Primeiro-ministro britânico vendeu participação na Blairmore Investment Trust quatro meses antes de ser eleito, em 2010, obtendo um lucro de 19 mil libras.
O primeiro-ministro britânico admitiu ter detido uma participação no fundo de investimento offshore, por intermédio da sociedade de advogados Mossack Fonseca, no centro do escândalo do Panama Papers. David Cameron alienou essa participação por 30 mil libras (37 mil euros) quatro meses antes de ter sido eleito, em Maio de 2010.
A revelação, de consequências potencialmente explosivas para o líder conservador, surge cinco dias depois de o jornal Guardian, um dos parceiros do Consórcio Internacional de Jornalistas de Investigação, ter revelado queIan Cameron, um corrector da City de Londres já falecido, ter sido um dos clientes da firma panamiana, que o assessorou na criação da Blairmore Investment Trust, um activo sediado nas Bahamas e que, em trinta anos de actividade, nunca pagou um cêntimo de impostos no Reino Unido. Apesar disso, sublinha o jornal britânico, não há qualquer indício de que o esquema montado fosse ilegal.
A clarificação surge dois dias depois de o primeiro-ministro ter garantido que não possuía acções de empresas nem fundos sediados em paraísos fiscais. A afirmação não foi considerada suficiente pela imprensa e obrigou Downing Street a emitir três comunicados posteriores, afirmando primeiro que nem a mulher nem os filhos eram beneficiários de qualquer activo desse género e, um dia depois, que ninguém na família seria herdeiro de qualquer fundooffshore.
Mas a pressão sobre o líder conservador não diminui – nesta quinta-feira oGuardian fazia um retrato da origem da fortuna da família – e Cameron responde agora finalmente sobre a sua situação financeira passada.

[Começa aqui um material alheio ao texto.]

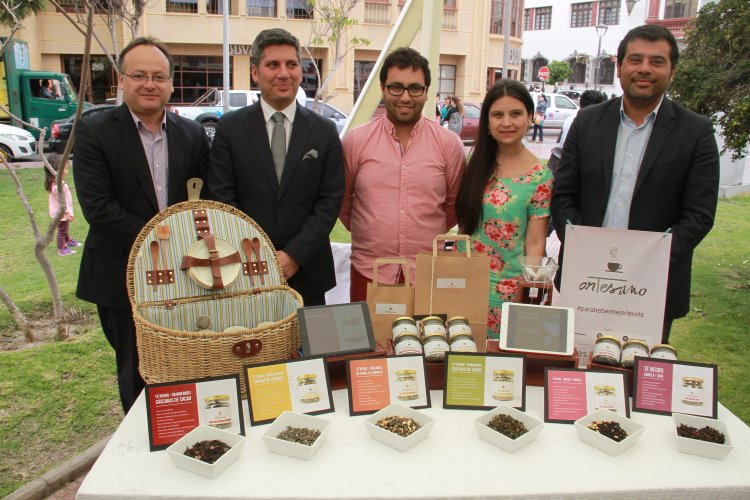 ENTREGAN MÁS DE $905 MILLONES PARA APOYAR A EMPRENDEDORES Y MICROEMPRESARIOS DE LA REGIÓN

Numa entrevista à ITV, Cameron explicou que comprou cinco mil unidades de participação no fundo de investimento de que o pai era director em 1997 por cerca de 12.500 libras (15.400 euros), tendo alienado essa posição em Janeiro de 2010 por 31.500 libras (cerca de 38 mil euros) – o lucro obtido ficou ligeiramente abaixo da fasquia mínima para ser sujeito a imposto sobre mais-valias.
“Quero ser tão franco quanto possível sobre o meu passado, o meu presente e o meu futuro porque, honestamente, não tenho nada a esconder”, afirmou o líder conservador que, aproveitou a entrevista para sair em defesa do pai. “Tenho muito orgulho nele, naquilo que ele fez e no negócio que montou, bem como em tudo o resto”, disse, acrescentando “não suportar ver o nome dele arrastado pela lama”. “Eu escolhi um caminho diferente do meu pai, do meu avô, do meu bisavô, que foram todos correctores, e não tenho nada a esconder sobre as minhas contas. Terei todo o gosto em responder a perguntas sobre isso.”
O nome de Ian Cameron é várias vezes citados nos Panama Papers – 11,5 milhões de documentos da Mossack Fonseca obtidos pelo Consórcio – e neles fica claro que recorreu a vários estratagemas para garantir que o Blairmore não era visto pelas autoridades tributárias como estando sediado no Reino Unido, apesar de tanto a maioria dos seus investidores como quadros dirigentes serem britânicos. Para isso, de cada vez que a direcção do fundo tinha assuntos importantes a tratar Ian Cameron e outros directores reuniam-se no estrangeiro. O jornal Guardian adianta que o fundo contratou também vários cidadãos residentes nas Bahamas, cuja única tarefa seria assinar documentação.
David Cameron responde a estas alegações, negando que o fundo servisse para que os investidores “fugissem aos impostos”, mas como veículo para investimentos cambiais e participações em empresas.
Mesmo que legais, as práticas atribuídas ao pai, bem como o tempo que demorou a dar explicações sobre a sua situação financeira, são lesivas para o primeiro-ministro, que se tem apresentado como instigador de mudanças legais para combater a evasão fiscal e a falta de transparência dos paraísos fiscais. Já nesta quinta-feira, o Financial Times tinha revelado uma carta que Cameron escreveu em 2013 ao anterior presidente do Conselho Europeu defendendo que os fundos de investimento deveriam ser sujeitos a um controlo menos apertado do que as empresas.